Most of us are familiar with the classic sports movie, Varsity Blues, which turned 20 years old this year. The film taught viewers the meaning of hard work and perseverance. In the film, Jonathan Moxon, a small-town football player, seeks to live out his dream of playing football for an Ivy League college.
“The hard work of so many, sacrificed by the disrespect of a few” –Bud Kilmer, Varsity Blues
‘Operation Varsity Blues’
Unfortunately, with the recent national college scandal, dubbed, ‘Operation: Varsity Blues,’ involving many of Hollywood’s favorites, Bud’s statement has proven to be more accurate than we would have ever imagined, tarnishing the good name the sports classic has had throughout Hollywood and the education sector.
In March, over fifty people were charged in a conspiracy to falsely admit their children to prestigious universities. One girl suddenly became a pro-soccer player when he parents conveniently donated over one-million dollars to a “charity.” Another child falsely claimed she had a learning disability so she could have special assistance during a standardized test, which resulted in her receiving abnormally high scores. Another child was granted a spot on the USC crew team after her parents generously donated over $200,000 to a special account. These are just a few scenarios where wealthy, privileged parents used their fame and fortune to get their own children ahead in life.
This Tuesday, Lori Loughlin, “Aunt Becky” from the popular TV show Full House/Fuller House, along with fifteen others, have been given an additional charge of money laundering conspiracy. The claim alleges that the parents conspired with William Singer to fake their athletic abilities and standardized test scores. Singer later was arrested who then recorded conversations with the parents which helped lead to their indictment.

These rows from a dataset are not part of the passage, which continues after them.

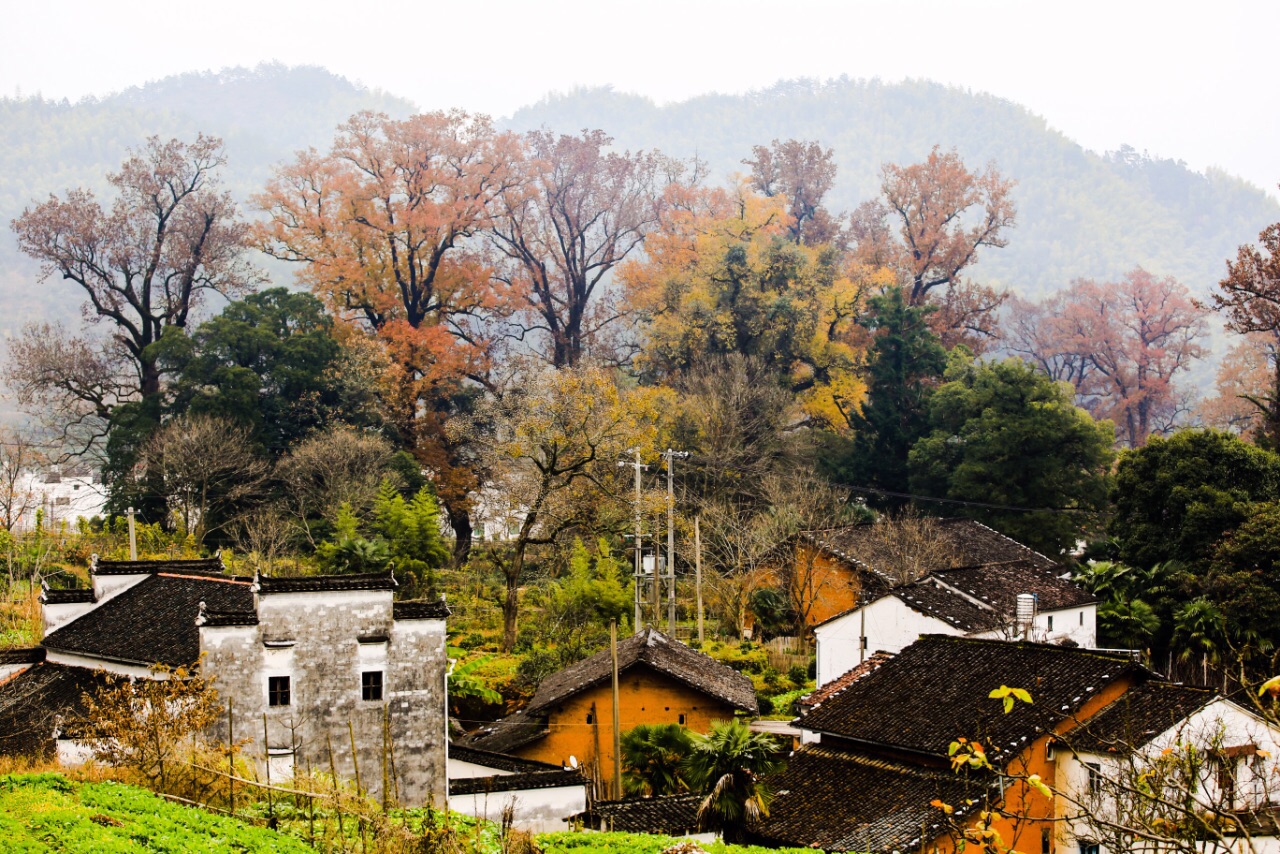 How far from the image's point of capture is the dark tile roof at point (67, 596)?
22781 millimetres

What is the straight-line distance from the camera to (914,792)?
17.7 m

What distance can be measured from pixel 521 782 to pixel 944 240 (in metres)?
37.1

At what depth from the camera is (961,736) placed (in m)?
16.7

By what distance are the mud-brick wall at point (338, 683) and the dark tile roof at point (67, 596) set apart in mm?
6009

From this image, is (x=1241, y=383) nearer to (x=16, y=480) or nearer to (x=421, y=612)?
(x=421, y=612)

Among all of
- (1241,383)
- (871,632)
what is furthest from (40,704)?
(1241,383)

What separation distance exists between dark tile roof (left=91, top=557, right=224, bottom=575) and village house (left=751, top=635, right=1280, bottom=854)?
1293cm

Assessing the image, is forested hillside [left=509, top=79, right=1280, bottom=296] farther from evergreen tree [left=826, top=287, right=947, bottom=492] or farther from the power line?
the power line

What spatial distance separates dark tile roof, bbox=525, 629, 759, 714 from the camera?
22.6 metres

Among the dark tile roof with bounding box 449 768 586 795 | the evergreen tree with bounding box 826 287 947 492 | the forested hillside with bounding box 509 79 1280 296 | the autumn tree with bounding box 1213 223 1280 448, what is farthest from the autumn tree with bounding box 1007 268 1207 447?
the dark tile roof with bounding box 449 768 586 795

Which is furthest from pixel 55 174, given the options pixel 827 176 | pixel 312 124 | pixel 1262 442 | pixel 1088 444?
pixel 1262 442

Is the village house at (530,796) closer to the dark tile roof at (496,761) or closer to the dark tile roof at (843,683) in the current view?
the dark tile roof at (496,761)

Unlike Jonathan in the Varsity Blues, actress Lori Loughlin and 50 others used their fame and fortune to get their children ahead in life. Even more disturbing, the charges were in response to allegations of these individuals paying half a million dollars to a fake charity organization for the sole purpose of having their children admitted to Ivy League universities, one of which was the University of Southern California.
The charity, designed to conceal the underlying reason for the donations, was organized as if it was collecting funds for underprivileged children. Nineteen individuals have all been charged with four crimes:
(1) Conspiracy to Commit Mail and Wire Fraud and Honest Services Mail and Wire Fraud;
(2) Money Laundering Conspiracy;
(3) Forfeiture Allegations; and
(4) Money Laundering Forfeiture Allegations.
What’s the Next Play?
In today’s society, it’s no surprise that money talks. We see it all around us, especially in the political atmosphere.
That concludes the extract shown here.